Abrigados mas livres
Sendo a mobilidade um sinal dos tempos, onde o local de trabalho e de estudo é agora um lugar cada vez mais temporário, onde com mais frequência temos a necessidade de recomeçar as nossas vidas, evitando uma conjuntura socioeconómica e política cada vez mais repressiva, o que parece fazer sentido é desenvolver uma lógica do mercado de arrendamento mais favorável. Ao invés de continuar a favorecer os lobbies da construção, do betão e das imobiliárias, onde a compra de casa atinge preços absurdos, num mercado que insiste em assim permanecer, apesar da falta de poder de compra da classe média, apesar dos grandes centros urbanos transformarem o seu tecido em tecido devoluto, criando as condicionantes para a sua ruína.
Entretanto, aumenta a promiscuidade das autarquias com bancos, imobiliárias e grandes empresas de construção. Em que estas megaestruturas económicas financiam as campanhas dos partidos políticos com mais representatividade no país e, à troca, viciam-se os concursos de arquitectura, enriquecendo cada vez mais os caciques da construção que dividem entre si o território nacional.
O que parece fazer sentido é rentabilizar os recursos existentes, preservar e reciclar, num esforço e numa lógica de arquitectura sustentável.

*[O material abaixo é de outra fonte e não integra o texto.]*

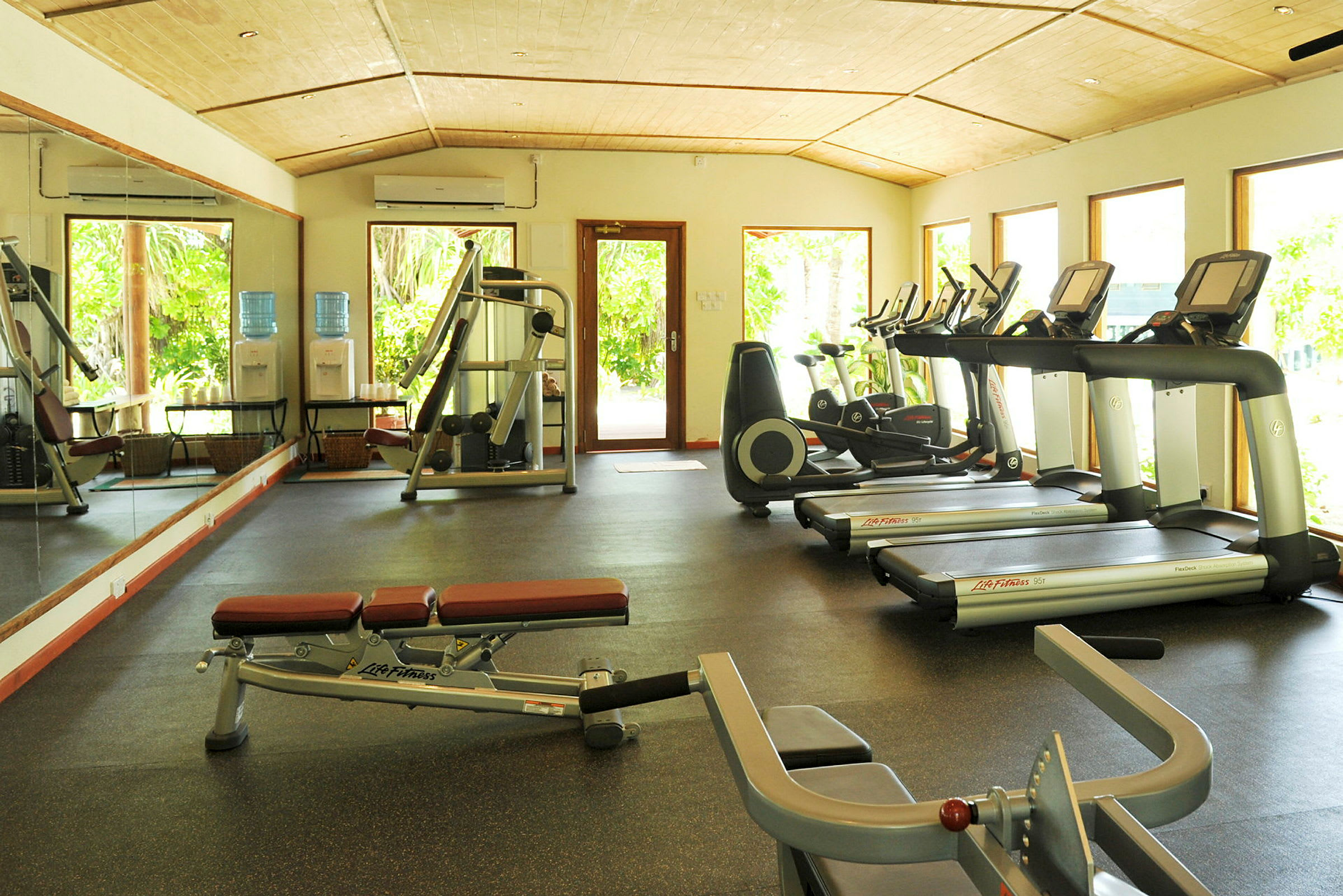 Ett gym med träningsmaskiner och löpband. (AI-genererad text)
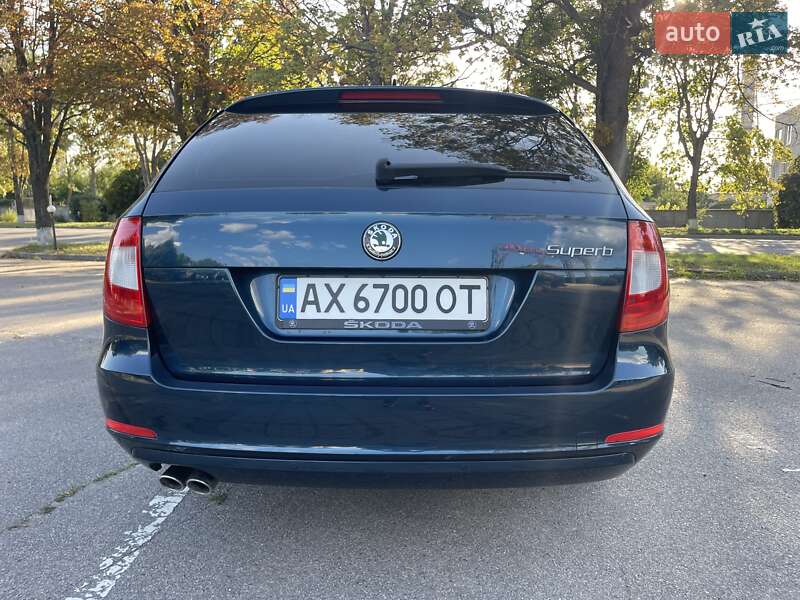 Универсал Skoda Superb 2012 в Киеве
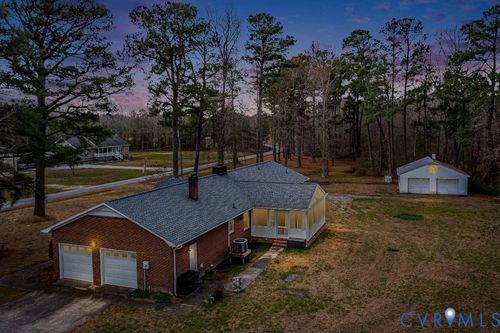 9829 Line Fence Rd, Hayes, VA, 23072-4302 | Card Image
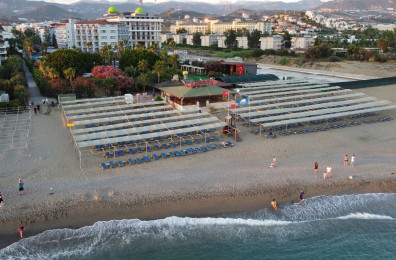 Caretta Beach Hotel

No entanto, abrimos espaço a uma construção de arquitectura duvidosa e descaracterizante, caminhando para cidades sem história, com edifícios transformados em autênticas máquinas de gerar dinheiro e onde todos os intervenientes têm responsabilidades.
E, no meio deste absurdo, deixa de ser rentável para os senhorios manter as suas propriedades sem exagerar no valor da renda e para os arrendatários aguentar esta despesa, onde comprar casa já não é investimento, mas, sim, certeza de endividamento.
Afinal, o que parece fazer sentido é alienar todo o património edificado. Para quem e para quê? Não sei, se calhar para todos e para ninguém, pois todos precisamos de um abrigo, mas não precisamos de ser donos desse território, pois de recolectores passamos de novo a caçadores de uma vida melhor e mais diversificada como contraponto desta globalização intoxicante.